🤖 AI Summary
This study addresses the challenge of continual pretraining of large language models (LLMs) in dynamic knowledge environments, aiming to balance assimilation of new knowledge with retention of prior knowledge. To this end, we introduce the first benchmark specifically designed for evaluating continual pretraining under evolving data distributions, enabling systematic analysis of the interplay among model scale, semantic structure of domain sequences, and knowledge transfer/forgetting. We propose a novel cross-domain adaptive evaluation paradigm and uncover three key findings: (i) smaller models (<1.5B parameters) exhibit high sensitivity to both learning and forgetting; (ii) semantically ordered domain sequences foster specialization, whereas random sequences enhance generalization and cross-domain transfer; and (iii) larger models consistently achieve lower perplexity. Empirical results demonstrate that our continual pretraining paradigm significantly improves downstream task performance across the GPT-2 family, with particularly pronounced gains for smaller models.
📝 Abstract
Continual learning (CL) in large language models (LLMs) is an evolving domain that focuses on developing efficient and sustainable training strategies to adapt models to emerging knowledge and achieve robustness in dynamic environments. Our primary emphasis is on continual domain-adaptive pretraining, a process designed to equip LLMs with the ability to integrate new information from various domains while retaining previously learned knowledge. Since existing works concentrate mostly on continual fine-tuning for a limited selection of downstream tasks or training domains, we introduce a new benchmark designed to measure the adaptability of LLMs to changing pretraining data landscapes.
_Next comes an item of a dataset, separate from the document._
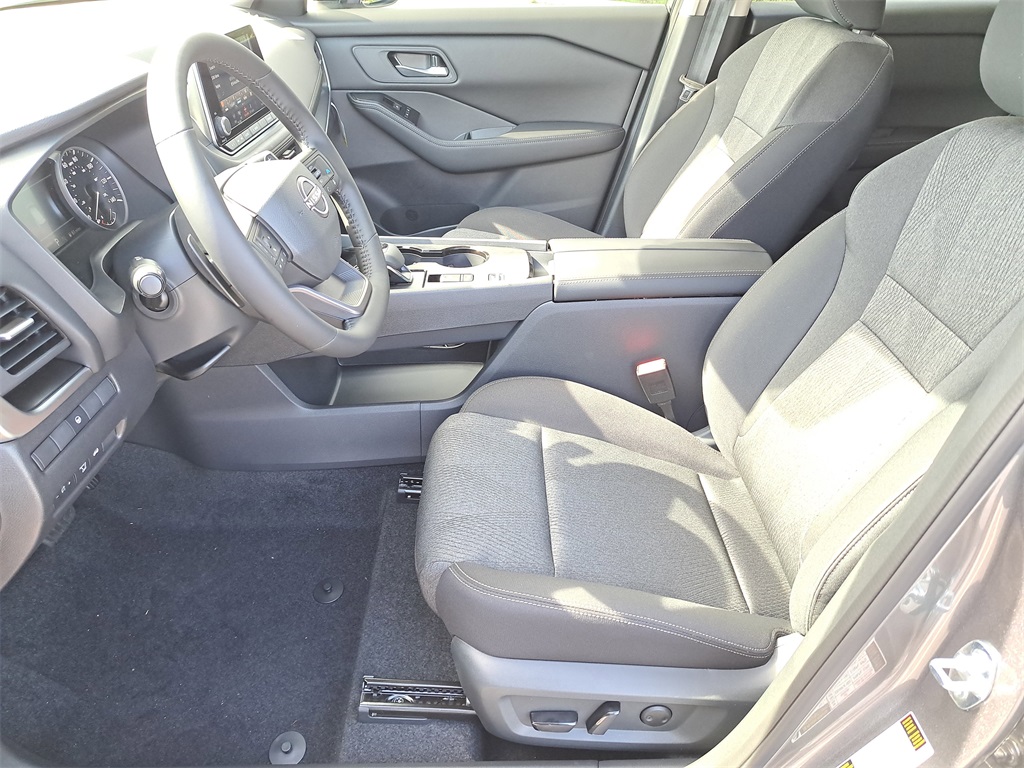 2026 Nissan Rogue SV photo 19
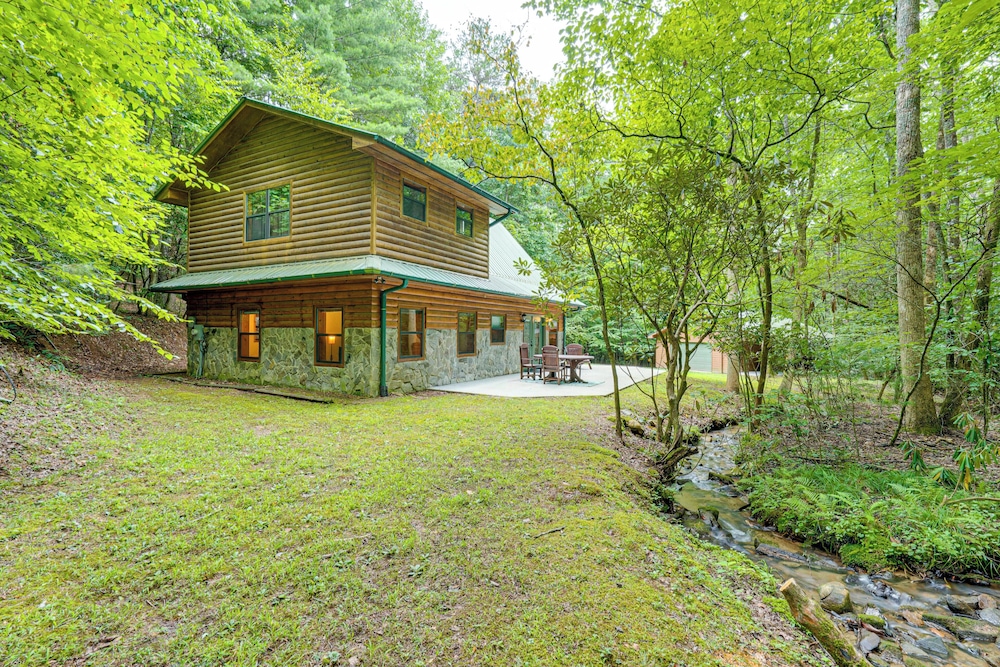 Hike, Fish & More: Cozy Cabin w/ Patio in Murphy!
We further examine the impact of model size on learning efficacy and forgetting, as well as how the progression and similarity of emerging domains affect the knowledge transfer within these models. Our findings uncover several key insights: (i) continual pretraining consistently improves<1.5B models studied in this work and is also superior to domain adaptation, (ii) larger models always achieve better perplexity than smaller ones when continually pretrained on the same corpus, (iii) smaller models are particularly sensitive to continual pretraining, showing the most significant rates of both learning and forgetting, (iv) continual pretraining boosts downstream task performance of GPT-2 family, (v) continual pretraining enables LLMs to specialize better when the sequence of domains shows semantic similarity while randomizing training domains leads to better transfer and final performance otherwise. We posit that our research establishes a new benchmark for CL in LLMs, providing a more realistic evaluation of knowledge retention and transfer across diverse domains.